(Caption-style text data)

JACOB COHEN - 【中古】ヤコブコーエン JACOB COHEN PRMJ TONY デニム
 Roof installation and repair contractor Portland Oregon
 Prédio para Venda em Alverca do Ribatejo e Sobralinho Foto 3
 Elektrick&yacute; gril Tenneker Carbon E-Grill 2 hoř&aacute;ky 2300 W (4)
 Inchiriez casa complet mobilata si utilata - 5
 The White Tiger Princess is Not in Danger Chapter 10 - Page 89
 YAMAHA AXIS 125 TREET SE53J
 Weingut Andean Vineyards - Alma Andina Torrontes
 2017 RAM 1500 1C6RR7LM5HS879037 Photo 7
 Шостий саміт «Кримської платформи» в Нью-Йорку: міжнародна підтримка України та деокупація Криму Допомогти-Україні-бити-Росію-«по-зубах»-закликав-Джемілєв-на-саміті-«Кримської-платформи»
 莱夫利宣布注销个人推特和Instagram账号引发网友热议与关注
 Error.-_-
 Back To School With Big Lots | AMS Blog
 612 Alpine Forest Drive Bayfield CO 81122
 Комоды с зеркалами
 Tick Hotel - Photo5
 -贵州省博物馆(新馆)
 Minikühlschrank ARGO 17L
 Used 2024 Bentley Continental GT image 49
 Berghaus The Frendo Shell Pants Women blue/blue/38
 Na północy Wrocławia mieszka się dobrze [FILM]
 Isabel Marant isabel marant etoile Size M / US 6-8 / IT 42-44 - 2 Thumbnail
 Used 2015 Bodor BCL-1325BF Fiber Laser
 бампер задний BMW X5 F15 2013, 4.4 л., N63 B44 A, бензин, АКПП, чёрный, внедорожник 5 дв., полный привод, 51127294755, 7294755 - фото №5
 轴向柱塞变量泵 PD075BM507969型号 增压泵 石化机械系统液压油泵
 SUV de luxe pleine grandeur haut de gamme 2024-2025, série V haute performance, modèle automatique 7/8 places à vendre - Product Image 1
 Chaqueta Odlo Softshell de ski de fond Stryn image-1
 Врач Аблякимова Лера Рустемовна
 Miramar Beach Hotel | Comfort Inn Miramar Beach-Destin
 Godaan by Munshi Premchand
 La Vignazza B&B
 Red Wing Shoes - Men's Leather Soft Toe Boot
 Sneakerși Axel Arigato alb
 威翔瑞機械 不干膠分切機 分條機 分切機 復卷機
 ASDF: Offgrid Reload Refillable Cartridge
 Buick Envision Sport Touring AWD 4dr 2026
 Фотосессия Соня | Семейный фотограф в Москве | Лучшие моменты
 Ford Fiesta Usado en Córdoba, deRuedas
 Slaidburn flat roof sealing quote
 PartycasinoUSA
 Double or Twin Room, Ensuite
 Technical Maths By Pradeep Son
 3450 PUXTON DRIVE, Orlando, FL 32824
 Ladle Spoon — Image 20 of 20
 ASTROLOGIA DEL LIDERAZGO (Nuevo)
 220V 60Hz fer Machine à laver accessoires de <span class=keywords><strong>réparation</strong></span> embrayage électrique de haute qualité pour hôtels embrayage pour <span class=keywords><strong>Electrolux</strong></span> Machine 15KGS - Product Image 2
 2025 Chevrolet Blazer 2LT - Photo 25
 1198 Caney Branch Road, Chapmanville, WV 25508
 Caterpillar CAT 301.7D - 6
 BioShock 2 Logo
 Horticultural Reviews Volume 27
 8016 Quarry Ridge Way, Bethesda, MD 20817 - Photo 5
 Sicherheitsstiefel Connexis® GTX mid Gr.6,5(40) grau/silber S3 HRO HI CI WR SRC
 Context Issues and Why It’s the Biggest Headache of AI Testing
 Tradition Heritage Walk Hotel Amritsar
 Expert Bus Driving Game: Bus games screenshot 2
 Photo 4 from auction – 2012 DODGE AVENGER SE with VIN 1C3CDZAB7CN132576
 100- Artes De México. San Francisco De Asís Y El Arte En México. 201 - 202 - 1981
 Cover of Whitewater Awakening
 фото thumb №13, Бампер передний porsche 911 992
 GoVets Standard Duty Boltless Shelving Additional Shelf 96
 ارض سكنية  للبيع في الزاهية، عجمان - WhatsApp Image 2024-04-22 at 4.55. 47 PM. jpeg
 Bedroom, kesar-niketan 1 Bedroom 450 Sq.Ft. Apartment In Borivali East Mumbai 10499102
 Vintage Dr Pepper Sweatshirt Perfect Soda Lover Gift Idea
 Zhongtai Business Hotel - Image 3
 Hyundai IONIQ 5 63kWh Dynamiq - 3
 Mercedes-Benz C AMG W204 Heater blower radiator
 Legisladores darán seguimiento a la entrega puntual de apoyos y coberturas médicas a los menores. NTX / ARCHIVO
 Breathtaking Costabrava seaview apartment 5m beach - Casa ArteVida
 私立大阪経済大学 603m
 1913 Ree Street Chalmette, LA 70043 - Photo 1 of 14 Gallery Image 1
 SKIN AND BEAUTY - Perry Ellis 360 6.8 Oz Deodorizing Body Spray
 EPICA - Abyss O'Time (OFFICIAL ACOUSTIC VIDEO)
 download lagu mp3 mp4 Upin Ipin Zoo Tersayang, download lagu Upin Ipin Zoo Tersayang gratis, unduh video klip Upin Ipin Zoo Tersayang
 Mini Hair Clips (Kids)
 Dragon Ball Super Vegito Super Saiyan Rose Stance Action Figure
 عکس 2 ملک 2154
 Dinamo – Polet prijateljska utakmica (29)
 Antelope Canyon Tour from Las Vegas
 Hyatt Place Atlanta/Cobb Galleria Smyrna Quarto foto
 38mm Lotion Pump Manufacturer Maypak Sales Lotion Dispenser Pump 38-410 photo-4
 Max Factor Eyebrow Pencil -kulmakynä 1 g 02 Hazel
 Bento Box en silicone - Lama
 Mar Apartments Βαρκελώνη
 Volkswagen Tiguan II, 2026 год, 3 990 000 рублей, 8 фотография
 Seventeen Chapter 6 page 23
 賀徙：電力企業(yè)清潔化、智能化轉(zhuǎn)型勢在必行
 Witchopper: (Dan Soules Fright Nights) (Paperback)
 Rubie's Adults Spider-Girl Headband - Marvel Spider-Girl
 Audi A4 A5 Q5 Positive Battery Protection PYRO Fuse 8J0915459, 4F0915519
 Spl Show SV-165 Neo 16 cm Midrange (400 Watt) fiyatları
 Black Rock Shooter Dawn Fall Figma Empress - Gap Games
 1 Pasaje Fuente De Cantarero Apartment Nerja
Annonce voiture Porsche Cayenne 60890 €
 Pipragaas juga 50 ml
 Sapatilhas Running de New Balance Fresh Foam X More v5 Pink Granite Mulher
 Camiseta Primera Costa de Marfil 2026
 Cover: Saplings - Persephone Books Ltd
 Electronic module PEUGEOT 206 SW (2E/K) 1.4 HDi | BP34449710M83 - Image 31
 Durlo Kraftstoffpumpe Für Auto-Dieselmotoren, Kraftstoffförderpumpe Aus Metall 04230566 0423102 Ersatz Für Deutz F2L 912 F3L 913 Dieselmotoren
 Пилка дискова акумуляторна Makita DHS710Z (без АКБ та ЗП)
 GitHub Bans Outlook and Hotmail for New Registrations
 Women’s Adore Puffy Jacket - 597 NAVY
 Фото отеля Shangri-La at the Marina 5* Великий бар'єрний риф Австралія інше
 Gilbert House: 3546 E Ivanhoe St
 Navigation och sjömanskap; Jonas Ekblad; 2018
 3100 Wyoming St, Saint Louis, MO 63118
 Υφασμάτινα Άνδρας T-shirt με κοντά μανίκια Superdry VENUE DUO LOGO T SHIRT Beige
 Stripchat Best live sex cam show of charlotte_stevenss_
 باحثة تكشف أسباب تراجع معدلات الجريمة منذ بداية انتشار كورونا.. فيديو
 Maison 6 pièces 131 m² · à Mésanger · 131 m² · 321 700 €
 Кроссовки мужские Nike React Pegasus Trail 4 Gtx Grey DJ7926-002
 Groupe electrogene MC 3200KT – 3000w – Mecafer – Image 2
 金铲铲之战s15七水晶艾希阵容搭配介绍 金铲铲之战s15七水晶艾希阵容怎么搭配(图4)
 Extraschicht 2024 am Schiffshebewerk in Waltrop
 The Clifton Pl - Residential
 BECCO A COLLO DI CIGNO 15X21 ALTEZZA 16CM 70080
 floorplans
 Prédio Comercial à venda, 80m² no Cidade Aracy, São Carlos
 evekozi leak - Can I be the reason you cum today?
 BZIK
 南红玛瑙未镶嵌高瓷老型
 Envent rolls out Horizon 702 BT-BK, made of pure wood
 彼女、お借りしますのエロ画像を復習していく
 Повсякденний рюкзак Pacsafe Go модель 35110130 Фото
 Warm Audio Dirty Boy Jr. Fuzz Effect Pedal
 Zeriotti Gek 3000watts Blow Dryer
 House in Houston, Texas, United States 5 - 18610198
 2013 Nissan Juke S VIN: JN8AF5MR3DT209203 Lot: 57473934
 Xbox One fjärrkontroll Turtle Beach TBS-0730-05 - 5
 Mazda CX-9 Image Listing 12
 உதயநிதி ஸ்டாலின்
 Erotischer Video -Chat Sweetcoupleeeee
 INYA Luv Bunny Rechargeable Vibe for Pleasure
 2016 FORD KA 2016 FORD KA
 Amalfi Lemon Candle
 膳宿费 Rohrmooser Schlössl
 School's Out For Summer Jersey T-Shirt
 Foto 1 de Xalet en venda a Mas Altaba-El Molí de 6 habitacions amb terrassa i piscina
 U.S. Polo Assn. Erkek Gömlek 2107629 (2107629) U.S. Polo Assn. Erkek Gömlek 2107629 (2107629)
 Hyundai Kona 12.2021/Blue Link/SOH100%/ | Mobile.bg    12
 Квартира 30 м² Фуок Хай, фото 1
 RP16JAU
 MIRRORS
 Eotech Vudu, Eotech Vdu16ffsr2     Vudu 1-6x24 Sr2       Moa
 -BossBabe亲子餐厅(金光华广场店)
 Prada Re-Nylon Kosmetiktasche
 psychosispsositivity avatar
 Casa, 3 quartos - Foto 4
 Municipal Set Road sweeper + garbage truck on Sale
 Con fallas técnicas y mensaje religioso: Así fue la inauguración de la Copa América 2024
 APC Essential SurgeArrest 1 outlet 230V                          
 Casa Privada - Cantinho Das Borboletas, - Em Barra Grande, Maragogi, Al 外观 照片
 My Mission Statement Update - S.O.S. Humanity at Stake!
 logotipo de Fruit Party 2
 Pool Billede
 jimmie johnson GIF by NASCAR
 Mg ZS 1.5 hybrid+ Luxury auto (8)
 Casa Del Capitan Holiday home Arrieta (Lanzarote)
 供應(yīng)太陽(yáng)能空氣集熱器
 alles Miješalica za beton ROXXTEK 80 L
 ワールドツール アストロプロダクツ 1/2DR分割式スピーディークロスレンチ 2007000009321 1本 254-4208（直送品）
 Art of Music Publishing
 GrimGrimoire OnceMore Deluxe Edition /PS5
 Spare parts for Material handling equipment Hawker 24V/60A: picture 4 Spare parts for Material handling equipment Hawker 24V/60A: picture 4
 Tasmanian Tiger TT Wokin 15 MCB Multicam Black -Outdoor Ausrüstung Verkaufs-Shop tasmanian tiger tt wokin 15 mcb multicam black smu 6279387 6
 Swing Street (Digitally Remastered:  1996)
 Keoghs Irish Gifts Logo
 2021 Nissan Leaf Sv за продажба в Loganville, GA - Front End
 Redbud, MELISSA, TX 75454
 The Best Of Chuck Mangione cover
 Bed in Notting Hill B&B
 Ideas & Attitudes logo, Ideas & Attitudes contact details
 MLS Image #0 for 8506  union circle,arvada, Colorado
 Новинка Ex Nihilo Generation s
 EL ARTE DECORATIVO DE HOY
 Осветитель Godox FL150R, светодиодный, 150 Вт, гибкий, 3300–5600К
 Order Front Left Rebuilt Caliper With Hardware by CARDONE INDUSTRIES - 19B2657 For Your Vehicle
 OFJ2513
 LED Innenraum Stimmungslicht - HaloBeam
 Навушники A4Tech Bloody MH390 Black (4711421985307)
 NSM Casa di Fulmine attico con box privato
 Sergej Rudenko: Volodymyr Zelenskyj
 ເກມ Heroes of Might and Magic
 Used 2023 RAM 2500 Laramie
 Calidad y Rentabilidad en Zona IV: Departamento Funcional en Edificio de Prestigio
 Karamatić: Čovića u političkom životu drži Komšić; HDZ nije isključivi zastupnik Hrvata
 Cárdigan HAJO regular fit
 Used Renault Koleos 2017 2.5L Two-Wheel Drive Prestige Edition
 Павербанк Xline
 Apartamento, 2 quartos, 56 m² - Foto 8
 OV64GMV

- WHAT IS EXPECTED
Could you return exactly the stretch of the data above that starts at the line with "Audi A4 A5 Q5" and ends at the line with "باحثة تكشف أسباب", both lines included?

- RESULT OF THIS TASK
 Audi A4 A5 Q5 Positive Battery Protection PYRO Fuse 8J0915459, 4F0915519
 Spl Show SV-165 Neo 16 cm Midrange (400 Watt) fiyatları
 Black Rock Shooter Dawn Fall Figma Empress - Gap Games
 1 Pasaje Fuente De Cantarero Apartment Nerja
Annonce voiture Porsche Cayenne 60890 €
 Pipragaas juga 50 ml
 Sapatilhas Running de New Balance Fresh Foam X More v5 Pink Granite Mulher
 Camiseta Primera Costa de Marfil 2026
 Cover: Saplings - Persephone Books Ltd
 Electronic module PEUGEOT 206 SW (2E/K) 1.4 HDi | BP34449710M83 - Image 31
 Durlo Kraftstoffpumpe Für Auto-Dieselmotoren, Kraftstoffförderpumpe Aus Metall 04230566 0423102 Ersatz Für Deutz F2L 912 F3L 913 Dieselmotoren
 Пилка дискова акумуляторна Makita DHS710Z (без АКБ та ЗП)
 GitHub Bans Outlook and Hotmail for New Registrations
 Women’s Adore Puffy Jacket - 597 NAVY
 Фото отеля Shangri-La at the Marina 5* Великий бар'єрний риф Австралія інше
 Gilbert House: 3546 E Ivanhoe St
 Navigation och sjömanskap; Jonas Ekblad; 2018
 3100 Wyoming St, Saint Louis, MO 63118
 Υφασμάτινα Άνδρας T-shirt με κοντά μανίκια Superdry VENUE DUO LOGO T SHIRT Beige
 Stripchat Best live sex cam show of charlotte_stevenss_
 باحثة تكشف أسباب تراجع معدلات الجريمة منذ بداية انتشار كورونا.. فيديو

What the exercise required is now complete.